TOKYO: Visitors to Google Maps can now roam virtually through the overgrown streets of an abandoned town where time has stood still since a tsunami crippled Japan’s Fukushima nuclear plant two years ago.
Half of the town of Namie, on the Pacific coast, sits within the 20-kilometre (12-mile) evacuation zone around the nuclear plant, which was wrecked when the 2011 tsunami crashed into Japan.
With cooling systems knocked out by the tsunami, three reactors at the plant melted down, spewing radioactive particles into the air, soil and sea and forcing Namie’s entire population of 21,000 to flee.
“The world is moving on to the future after the disaster… but time has stopped in the town of Namie,” said mayor Tamotsu Baba, writing on a blog for Google Japan.
“I hope these street views will show the people of future generations what the great earthquake and nuclear disaster brought,” he said.
“We need many years and many people’s cooperation to rise again from the nuclear crisis. We will never give up on getting back our hometown,” he said.

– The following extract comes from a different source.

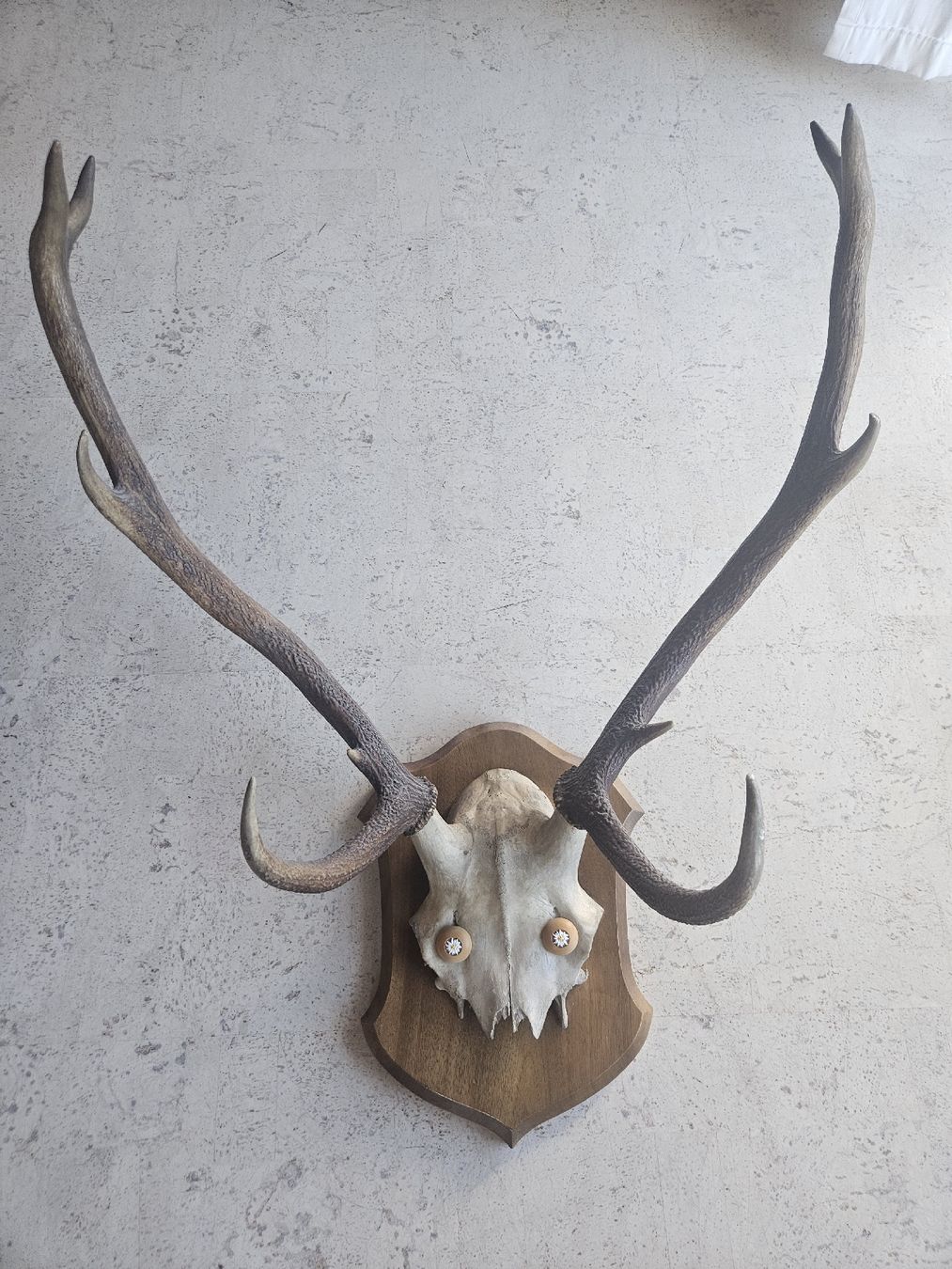Altre raccolte & rarità: Hirschgeweih Trophäe auf Holzschild – Usato da Zürich venduto da Pazzenreich 9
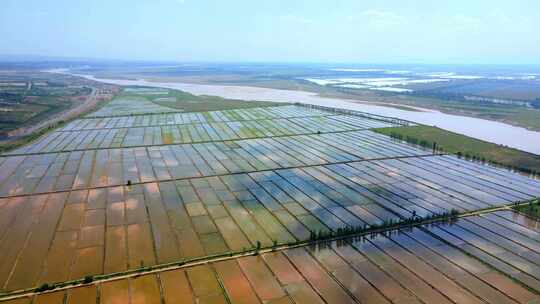 黄河平原水利灌溉水稻基地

The natural disasters killed nearly 19,000 people, including those whose bodies are yet to be recovered.
Some parts of the town were swamped by the waves of March 11. Houses and other buildings damaged by the water can be clearly seen.
But many of the buildings are intact, abandoned when the sudden order to evacuate came two years ago.
Tens of thousands of people in the area were forced from their homes by the nuclear catastrophe, the worst the world has seen since the 1986 disaster at Chernobyl.
No one is officially recorded as having died as a direct result of the radiation, but scientists warn some areas may remain contaminated for decades, while those most heavily polluted could be uninhabitable forever.